Problem to work on:
Go to the line below containing "Malaysian prime minister" and print exactly from there through the line containing "Thumbnail: 2021 Genesis G90 - 12", both included. Print nothing else.

Exercise input:
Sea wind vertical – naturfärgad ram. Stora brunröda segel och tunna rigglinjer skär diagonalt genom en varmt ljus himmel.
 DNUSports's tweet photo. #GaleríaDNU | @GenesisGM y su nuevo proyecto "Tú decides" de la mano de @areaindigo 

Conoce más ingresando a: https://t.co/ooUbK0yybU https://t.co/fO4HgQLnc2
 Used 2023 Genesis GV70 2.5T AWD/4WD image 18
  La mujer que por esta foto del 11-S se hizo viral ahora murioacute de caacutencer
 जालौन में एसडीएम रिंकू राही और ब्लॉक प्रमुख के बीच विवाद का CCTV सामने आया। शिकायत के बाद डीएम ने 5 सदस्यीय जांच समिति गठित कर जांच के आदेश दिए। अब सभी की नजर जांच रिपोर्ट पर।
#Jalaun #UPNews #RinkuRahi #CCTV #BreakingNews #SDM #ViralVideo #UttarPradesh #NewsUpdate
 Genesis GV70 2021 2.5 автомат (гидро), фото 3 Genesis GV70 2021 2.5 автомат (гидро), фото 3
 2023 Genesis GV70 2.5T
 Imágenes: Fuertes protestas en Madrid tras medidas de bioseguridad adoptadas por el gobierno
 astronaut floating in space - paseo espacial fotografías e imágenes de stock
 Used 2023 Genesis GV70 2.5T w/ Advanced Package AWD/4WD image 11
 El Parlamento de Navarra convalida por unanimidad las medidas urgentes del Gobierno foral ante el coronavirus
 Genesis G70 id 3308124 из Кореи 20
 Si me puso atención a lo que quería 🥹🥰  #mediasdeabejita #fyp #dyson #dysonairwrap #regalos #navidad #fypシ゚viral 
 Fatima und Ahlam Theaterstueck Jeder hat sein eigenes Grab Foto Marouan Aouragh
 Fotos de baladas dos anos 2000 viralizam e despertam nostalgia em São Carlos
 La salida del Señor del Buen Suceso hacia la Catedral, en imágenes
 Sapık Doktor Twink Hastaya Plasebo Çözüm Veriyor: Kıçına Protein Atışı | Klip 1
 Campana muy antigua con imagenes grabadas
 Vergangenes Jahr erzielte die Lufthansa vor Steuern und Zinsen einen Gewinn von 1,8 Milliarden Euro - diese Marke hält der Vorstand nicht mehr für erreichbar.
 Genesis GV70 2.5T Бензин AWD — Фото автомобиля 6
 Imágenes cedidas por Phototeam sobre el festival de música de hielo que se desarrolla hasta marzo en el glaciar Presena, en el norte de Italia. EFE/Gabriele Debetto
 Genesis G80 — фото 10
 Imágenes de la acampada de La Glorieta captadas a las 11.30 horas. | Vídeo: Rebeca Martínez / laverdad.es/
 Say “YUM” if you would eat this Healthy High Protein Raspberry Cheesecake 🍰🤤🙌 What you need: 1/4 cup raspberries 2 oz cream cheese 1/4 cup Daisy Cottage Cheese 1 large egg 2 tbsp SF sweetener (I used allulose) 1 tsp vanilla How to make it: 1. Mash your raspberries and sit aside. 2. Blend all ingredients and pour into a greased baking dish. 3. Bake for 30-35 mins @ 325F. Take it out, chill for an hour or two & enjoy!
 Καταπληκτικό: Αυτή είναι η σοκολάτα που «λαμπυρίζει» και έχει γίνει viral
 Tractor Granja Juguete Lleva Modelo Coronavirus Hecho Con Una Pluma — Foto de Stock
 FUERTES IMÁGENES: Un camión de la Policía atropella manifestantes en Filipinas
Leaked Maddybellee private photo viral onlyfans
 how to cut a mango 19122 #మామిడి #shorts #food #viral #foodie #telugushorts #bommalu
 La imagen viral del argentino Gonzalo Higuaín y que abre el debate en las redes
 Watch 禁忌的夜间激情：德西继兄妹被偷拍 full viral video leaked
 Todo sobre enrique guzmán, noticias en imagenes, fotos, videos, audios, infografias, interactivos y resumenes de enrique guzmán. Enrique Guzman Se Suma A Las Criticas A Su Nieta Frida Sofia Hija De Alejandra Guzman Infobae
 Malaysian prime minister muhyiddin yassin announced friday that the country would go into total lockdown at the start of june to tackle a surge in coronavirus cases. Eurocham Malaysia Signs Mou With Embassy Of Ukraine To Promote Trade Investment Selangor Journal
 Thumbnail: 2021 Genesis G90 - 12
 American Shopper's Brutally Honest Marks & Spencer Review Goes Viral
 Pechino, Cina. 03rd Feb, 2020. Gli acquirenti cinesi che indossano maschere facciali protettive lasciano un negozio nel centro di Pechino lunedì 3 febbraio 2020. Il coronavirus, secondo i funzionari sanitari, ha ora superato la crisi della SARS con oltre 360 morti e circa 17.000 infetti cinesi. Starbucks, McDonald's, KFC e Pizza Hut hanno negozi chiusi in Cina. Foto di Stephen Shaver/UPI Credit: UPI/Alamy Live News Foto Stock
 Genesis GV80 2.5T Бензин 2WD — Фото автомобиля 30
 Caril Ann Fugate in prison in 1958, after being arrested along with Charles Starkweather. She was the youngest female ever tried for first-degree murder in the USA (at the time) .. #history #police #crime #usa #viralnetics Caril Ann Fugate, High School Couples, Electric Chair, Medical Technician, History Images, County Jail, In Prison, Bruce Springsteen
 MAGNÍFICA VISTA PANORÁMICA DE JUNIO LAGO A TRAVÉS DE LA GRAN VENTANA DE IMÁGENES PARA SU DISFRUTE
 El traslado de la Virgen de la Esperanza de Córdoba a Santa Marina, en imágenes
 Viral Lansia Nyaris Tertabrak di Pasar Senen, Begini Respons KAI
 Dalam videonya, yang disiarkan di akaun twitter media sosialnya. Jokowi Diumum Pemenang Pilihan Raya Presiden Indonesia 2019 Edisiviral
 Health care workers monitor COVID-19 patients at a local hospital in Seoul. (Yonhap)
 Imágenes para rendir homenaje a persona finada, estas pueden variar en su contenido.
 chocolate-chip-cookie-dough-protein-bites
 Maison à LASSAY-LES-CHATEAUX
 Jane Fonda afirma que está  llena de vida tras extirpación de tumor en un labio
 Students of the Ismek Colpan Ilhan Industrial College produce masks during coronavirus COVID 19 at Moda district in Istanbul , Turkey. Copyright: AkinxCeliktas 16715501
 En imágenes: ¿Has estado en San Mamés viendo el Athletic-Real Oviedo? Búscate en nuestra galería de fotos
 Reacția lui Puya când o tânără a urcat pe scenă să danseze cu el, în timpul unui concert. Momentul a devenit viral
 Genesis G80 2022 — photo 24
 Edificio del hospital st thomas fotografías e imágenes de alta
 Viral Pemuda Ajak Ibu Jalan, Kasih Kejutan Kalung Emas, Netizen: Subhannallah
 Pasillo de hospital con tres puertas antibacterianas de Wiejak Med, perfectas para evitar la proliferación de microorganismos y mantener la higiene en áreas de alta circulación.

Exercise response:
 Malaysian prime minister muhyiddin yassin announced friday that the country would go into total lockdown at the start of june to tackle a surge in coronavirus cases. Eurocham Malaysia Signs Mou With Embassy Of Ukraine To Promote Trade Investment Selangor Journal
 Thumbnail: 2021 Genesis G90 - 12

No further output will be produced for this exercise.